Over the final week of June and into early July, haze settled in over the tropical Atlantic. The plume came from small dust particles that were picked up from the Sahara Desert in Africa and transported thousands of miles by the wind. Besides some beautiful sunsets, it has meant poor air quality in the United States and a relatively quiet period during the 2018 Atlantic hurricane season.

Plumes of African dust across the Atlantic are not uncommon. In fact, hundreds of millions of tons of soil is lifted from the Sahara ever year. However, this recent event is on the larger side.

This large amount of dust doesn’t just make for amazing sunsets, though; it has a major impact on ecosystems across the tropical Atlantic. Not only does the dust help fertilize the vast Amazon rainforest and provide mineral nutrients for phytoplankton in the ocean, but it also helped to build beaches across the Caribbean after being deposited for thousands of years.

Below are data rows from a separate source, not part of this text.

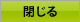 閉じる
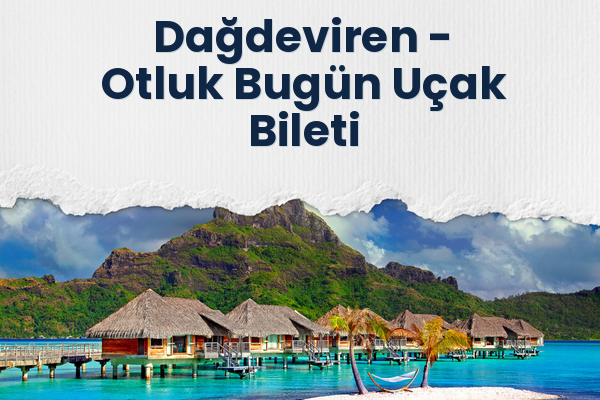 Dağdeviren → Otluk Bugün Uçak Bileti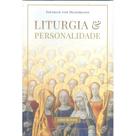 Liturgia & Personalidade (Dietrich von Hildebrand)
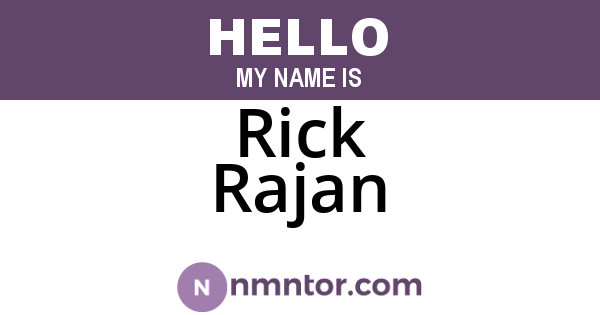 Rick Rajan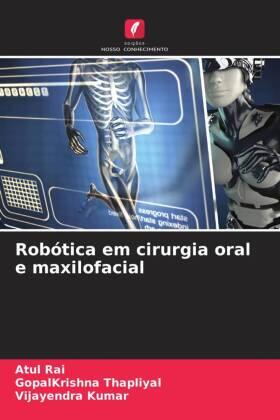 Rai / Thapliyal / Kumar |  Robótica em cirurgia oral e maxilofacial | Buch |  Sack Fachmedien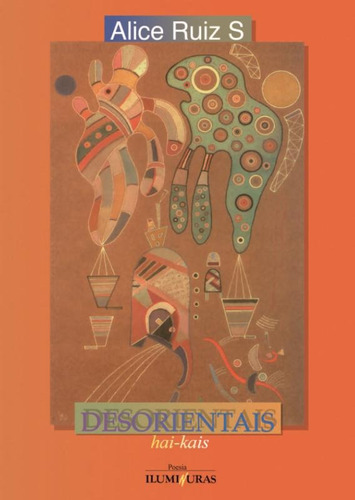 Desorientais, de S, Alice Ruiz. Editora Iluminuras Ltda., capa mole em português, 2000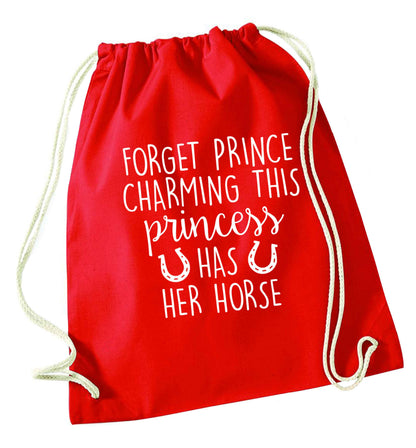 Forget prince charming this princess has her horse red drawstring bag 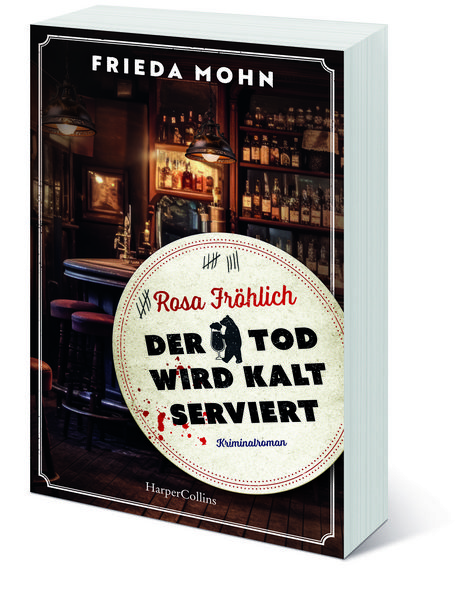 Produktbild: Rosa Fr&ouml;hlich &ndash; Der Tod wird kalt serviert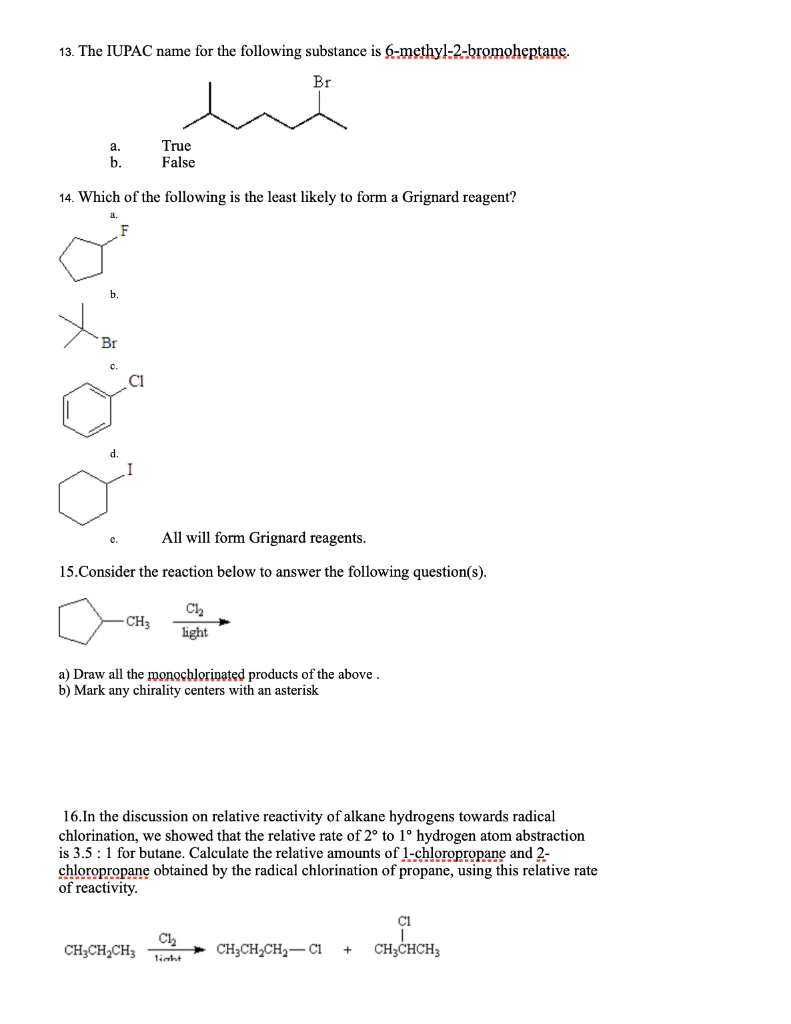 Solved 13. The IUPAC name for the following substance is | Chegg.com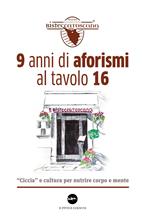 9 anni di aforismi al tavolo 16. «Ciccia» e cultura per nutrire corpo e mente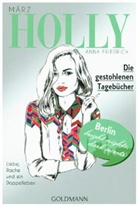 Anna Friedrich - Holly. Die gestohlenen Tagebücher
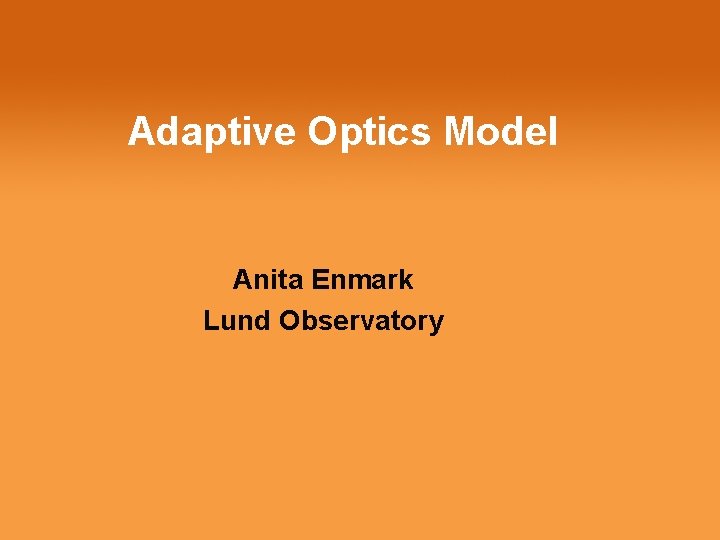 Adaptive Optics Model Anita Enmark Lund Observatory 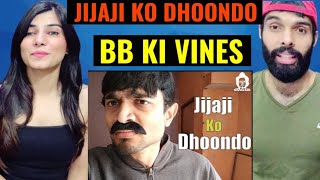 BB Ki Vines  Jijaji Ko Dhoondo  BB KI VINES REACTION VIDEO [upl. by Milty208]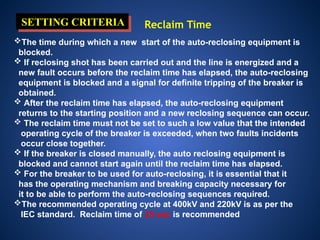 SETTING CRITERIA Reclaim Time
The time during which a new start of the auto-reclosing equipment is
blocked.
 If reclosing shot has been carried out and the line is energized and a
new fault occurs before the reclaim time has elapsed, the auto-reclosing
equipment is blocked and a signal for definite tripping of the breaker is
obtained.
 After the reclaim time has elapsed, the auto-reclosing equipment
returns to the starting position and a new reclosing sequence can occur.
 The reclaim time must not be set to such a low value that the intended
operating cycle of the breaker is exceeded, when two faults incidents
occur close together.
 If the breaker is closed manually, the auto reclosing equipment is
blocked and cannot start again until the reclaim time has elapsed.
 For the breaker to be used for auto-reclosing, it is essential that it
has the operating mechanism and breaking capacity necessary for
it to be able to perform the auto-reclosing sequences required.
The recommended operating cycle at 400kV and 220kV is as per the
IEC standard. Reclaim time of 25 sec is recommended
 
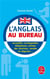 L'Anglais au bureau : Acceuillir, correspondre, téléphoner, animer des réunions, présenter, vendre...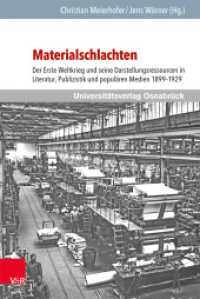 Materialschlachten : Der Erste Weltkrieg und seine Darstellungsressourcen in Literatur, Publizistik und populären Medien 1899-1929 (Schriften des Erich Maria Remarque-Archivs Band 030) （2015. 504 S. mit 33 Abbildungen. 237 mm）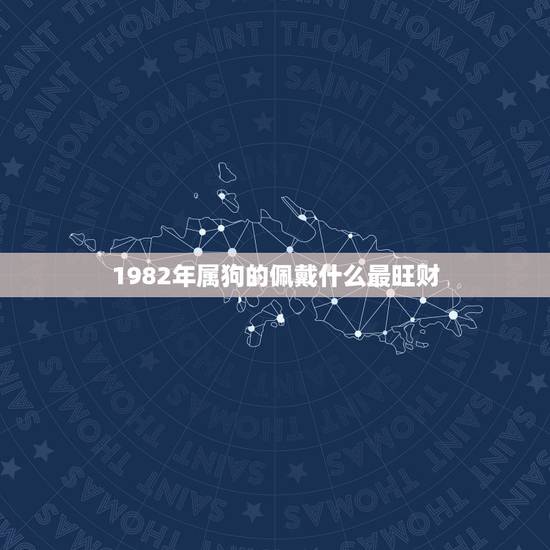 1982年属狗的佩戴什么最旺财，1982年的狗适合戴什么首饰来增加财运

Atmospherically, the dust sits in what meteorologists call the Saharan air layer, a hot and dry layer of the atmosphere that sits directly above cooler and more humid air above the Atlantic Ocean. This hot, dusty air puts a stop to any thunderstorms that may develop in the moist layer beneath it. In the summer in the tropics, a cap of Saharan dust can temporarily suppress hurricane formation or keep storms that have formed from potentially getting stronger. Hurricane seasons dominated by a large number of Saharan dust events tend to see a lower number of storms develop.